Publicado originalmente no jornal Correio Braziliense.

O Vidiota

Livro: O Vidiota
Autor: Jerzy Kosinski
Artigo: "As aparências são o bastante"


Símbolo de uma época sem internet ou reality shows, Chance é um homem moldado pela televisão. Um sujeito que trabalha todos os dias, religiosamente, na manutenção de um modesto jardim - e gasta o restante do tempo diante de um aparelho de tevê. Memoriza o comportamento de personagens de ficção, imita os trejeitos das pessoas dos noticiários e, assim, cresce sem precisar aprender a ler ou escrever. Pior: sem a necessidade de viver experiências reais. Quando escreveu O Vidiota , lançado originalmente em 1970, o polonês Jerzy Kosinski não viveu para ver no que daria aquele planeta em que Chance morava. Em 1991, antes de completar 60 anos de idade, se matou em Nova York. A nova edição brasileira de O Vidiota (no original, Being there ) só faz revelar o quanto o livro ganhou novos sentidos com o passar do tempo. Hoje, interessa tanto como um retrato muito rico dos medos de uma época específica (e sobram ecos de Guerra Fria aqui e ali) quanto como uma parábola ainda atual que ataca com sarcasmo a mania de simplificação que pode até ter virado marca para os Estados Unidos, mas que serve de carapuça para qualquer uma entre tantas nações que copiam os trejeitos da cultura daquele país. Chance é o homem-chavão elevado ao posto de homem do ano.

Para quem conheceu esse personagem graças ao filme Muito além do jardim, que Hal Ashby dirigiu em 1979, a leitura do livro pode ser um eficiente corretivo para aquele Chance infantllizado, apalermado que, apesar da competente interpretação de Peter Sellers, está longe do homem de Kosinski. A televisão não é uma fonte de rejuvenescimento ou de inocência para o personagem, mas sim uma figura materna que o educa para se transformar em um cidadão de superfície, incapaz de sensações ou reflexões profundas sobre qualquer tema. O perturbador em Chance é como ele se mostra, quanto mais o leitor pensa conhecê-lo, uma pessoa oca em reações espontâneas, em idéias, em emoções. Essa talvez seria uma pílula amarga demais para um filme de grande estúdio engolir.

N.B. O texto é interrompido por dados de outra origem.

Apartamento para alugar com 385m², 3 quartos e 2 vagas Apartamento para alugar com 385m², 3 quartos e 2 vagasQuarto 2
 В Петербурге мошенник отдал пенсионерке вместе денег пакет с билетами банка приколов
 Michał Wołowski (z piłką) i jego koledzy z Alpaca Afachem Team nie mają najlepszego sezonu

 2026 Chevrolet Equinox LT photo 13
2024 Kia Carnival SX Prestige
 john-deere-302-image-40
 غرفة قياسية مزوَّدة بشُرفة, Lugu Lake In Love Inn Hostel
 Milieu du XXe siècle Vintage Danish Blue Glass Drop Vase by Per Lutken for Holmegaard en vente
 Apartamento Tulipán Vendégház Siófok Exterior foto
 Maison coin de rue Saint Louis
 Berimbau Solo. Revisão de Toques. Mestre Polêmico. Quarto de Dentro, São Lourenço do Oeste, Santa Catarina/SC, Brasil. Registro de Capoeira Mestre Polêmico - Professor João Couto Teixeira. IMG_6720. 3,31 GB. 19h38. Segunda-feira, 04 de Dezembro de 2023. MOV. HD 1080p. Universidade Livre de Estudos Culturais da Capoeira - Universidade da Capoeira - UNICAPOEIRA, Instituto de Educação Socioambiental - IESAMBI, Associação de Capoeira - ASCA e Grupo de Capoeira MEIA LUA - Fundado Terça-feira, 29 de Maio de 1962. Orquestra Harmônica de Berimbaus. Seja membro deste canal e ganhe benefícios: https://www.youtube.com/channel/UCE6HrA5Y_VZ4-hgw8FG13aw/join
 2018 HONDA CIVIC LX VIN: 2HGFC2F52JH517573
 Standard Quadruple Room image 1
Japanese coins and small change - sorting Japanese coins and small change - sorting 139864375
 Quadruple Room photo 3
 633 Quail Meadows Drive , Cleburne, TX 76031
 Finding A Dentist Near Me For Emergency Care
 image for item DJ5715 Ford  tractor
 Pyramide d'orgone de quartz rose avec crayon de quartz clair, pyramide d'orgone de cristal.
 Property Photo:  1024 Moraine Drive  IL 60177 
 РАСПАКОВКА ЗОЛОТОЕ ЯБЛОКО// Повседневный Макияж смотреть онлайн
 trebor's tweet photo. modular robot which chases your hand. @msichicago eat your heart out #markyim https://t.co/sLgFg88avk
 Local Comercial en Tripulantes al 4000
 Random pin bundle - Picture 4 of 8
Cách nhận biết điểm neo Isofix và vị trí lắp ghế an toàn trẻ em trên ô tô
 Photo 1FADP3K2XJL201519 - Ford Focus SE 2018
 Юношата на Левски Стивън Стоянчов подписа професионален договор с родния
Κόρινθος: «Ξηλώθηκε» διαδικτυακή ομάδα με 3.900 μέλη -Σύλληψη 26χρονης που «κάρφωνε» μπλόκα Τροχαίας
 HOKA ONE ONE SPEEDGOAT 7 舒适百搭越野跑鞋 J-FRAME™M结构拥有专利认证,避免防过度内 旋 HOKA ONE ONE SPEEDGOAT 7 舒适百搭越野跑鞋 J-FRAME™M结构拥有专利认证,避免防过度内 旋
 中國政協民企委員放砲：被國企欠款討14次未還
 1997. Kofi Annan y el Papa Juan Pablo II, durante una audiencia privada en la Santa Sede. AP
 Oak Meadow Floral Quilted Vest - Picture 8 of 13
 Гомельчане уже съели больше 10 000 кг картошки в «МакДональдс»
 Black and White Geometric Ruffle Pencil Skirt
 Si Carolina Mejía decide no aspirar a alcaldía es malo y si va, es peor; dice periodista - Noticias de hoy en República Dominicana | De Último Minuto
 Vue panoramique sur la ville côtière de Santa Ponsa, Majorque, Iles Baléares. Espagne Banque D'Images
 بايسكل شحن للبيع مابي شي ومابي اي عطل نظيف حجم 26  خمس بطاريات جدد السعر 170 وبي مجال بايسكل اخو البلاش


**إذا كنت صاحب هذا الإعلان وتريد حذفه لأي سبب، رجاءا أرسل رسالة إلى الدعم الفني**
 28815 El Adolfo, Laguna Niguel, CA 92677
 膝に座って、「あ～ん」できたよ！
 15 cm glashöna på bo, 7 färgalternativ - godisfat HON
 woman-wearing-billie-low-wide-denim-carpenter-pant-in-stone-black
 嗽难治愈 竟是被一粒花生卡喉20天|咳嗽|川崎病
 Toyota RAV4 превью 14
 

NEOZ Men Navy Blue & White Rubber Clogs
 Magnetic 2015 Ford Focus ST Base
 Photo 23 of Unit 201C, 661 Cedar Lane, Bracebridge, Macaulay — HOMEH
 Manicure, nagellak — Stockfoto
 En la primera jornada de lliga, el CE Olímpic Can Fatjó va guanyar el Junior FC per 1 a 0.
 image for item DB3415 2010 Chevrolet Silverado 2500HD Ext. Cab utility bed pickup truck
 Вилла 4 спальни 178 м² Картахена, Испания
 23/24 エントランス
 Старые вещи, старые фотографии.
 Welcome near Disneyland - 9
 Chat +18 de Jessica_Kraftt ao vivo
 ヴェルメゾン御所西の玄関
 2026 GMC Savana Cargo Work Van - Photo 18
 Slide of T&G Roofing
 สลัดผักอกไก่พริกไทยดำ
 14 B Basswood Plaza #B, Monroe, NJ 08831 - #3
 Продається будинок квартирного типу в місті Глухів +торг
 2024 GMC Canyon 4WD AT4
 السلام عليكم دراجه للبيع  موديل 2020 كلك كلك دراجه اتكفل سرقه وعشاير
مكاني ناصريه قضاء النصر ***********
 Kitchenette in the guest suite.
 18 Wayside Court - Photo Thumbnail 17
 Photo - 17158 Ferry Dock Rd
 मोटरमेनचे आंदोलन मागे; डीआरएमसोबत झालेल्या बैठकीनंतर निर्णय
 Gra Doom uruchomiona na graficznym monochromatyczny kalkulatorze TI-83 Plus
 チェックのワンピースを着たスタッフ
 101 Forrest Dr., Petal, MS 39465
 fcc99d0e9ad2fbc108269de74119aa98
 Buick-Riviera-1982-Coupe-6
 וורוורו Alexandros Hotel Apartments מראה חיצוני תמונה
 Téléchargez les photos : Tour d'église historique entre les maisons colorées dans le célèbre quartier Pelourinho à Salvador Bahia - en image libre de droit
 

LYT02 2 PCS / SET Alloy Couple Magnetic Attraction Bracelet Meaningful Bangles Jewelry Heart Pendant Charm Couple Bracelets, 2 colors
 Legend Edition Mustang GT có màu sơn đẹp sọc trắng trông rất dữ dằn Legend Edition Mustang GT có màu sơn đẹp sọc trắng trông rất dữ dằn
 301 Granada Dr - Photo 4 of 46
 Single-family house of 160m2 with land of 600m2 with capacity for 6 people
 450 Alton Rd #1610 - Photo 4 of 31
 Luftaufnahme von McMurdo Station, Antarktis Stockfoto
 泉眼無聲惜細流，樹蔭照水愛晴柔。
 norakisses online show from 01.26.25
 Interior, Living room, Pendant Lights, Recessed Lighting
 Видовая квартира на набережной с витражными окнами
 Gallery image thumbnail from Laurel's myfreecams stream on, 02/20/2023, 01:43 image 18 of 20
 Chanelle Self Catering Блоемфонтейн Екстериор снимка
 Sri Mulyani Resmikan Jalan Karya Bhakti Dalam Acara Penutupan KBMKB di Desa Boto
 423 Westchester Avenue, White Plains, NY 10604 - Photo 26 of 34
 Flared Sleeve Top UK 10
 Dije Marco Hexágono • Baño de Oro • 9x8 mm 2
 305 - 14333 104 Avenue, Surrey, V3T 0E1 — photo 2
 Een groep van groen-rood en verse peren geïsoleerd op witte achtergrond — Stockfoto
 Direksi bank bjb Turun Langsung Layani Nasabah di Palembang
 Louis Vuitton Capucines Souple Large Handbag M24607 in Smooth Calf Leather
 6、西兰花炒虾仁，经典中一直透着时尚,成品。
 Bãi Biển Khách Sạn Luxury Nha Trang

Narrado na forma de uma parábola objetiva e seca, o livro apresenta uma situação extraordinária - a história de um homem que precisa sair ao mundo depois de uma vida inteira de confinamento - como uma sucessão de anticlímaxes. Chance (que anda a todo tempo ao lado do acaso) não sofre diante de um mundo muito diferente daquele em que vive. Pelo contrário: ele aprende tudo na televisão, e isso é o suficiente para que ele se saia muito bem na sala de estar de homens poderosos, de chefes de estado. Em pouco tempo, ocupará a posição de convidado de honra em um encontro com o presidente dos Estados Unidos.

Diante de gente importante -economistas, estadistas -, Chance dispara frases ralas sobre flores, árvores e raízes. Elas são interpretadas como metáforas geniais para a condição do país. Quando convidado para um programa de tevê (a glória máxima, para o personagem), faz um povo inteiro se emocionar ao tecer relações entre a crise financeira e jardins que perdem a cor para brilhar na próxima estação. É aplaudido por norte-americanos e soviéticos. Mas, para Chance, que importância tem tudo isso? Diante da mulher chique que o recebe e tenta conquistá-lo com lingerie em uma noite romântica, só consegue dizer um eu gosto de olhar para você. Uma folha em branco, Chance pode também ser usado como uma perfeita figura política - sem contravenções anteriores, sem passado, uma imagem unidimensional e agradável. Em 1970 ou em 2005, O Vidiota incomoda como um olhar triste para uma América que se recusa a sair da borda e dar o mergulho.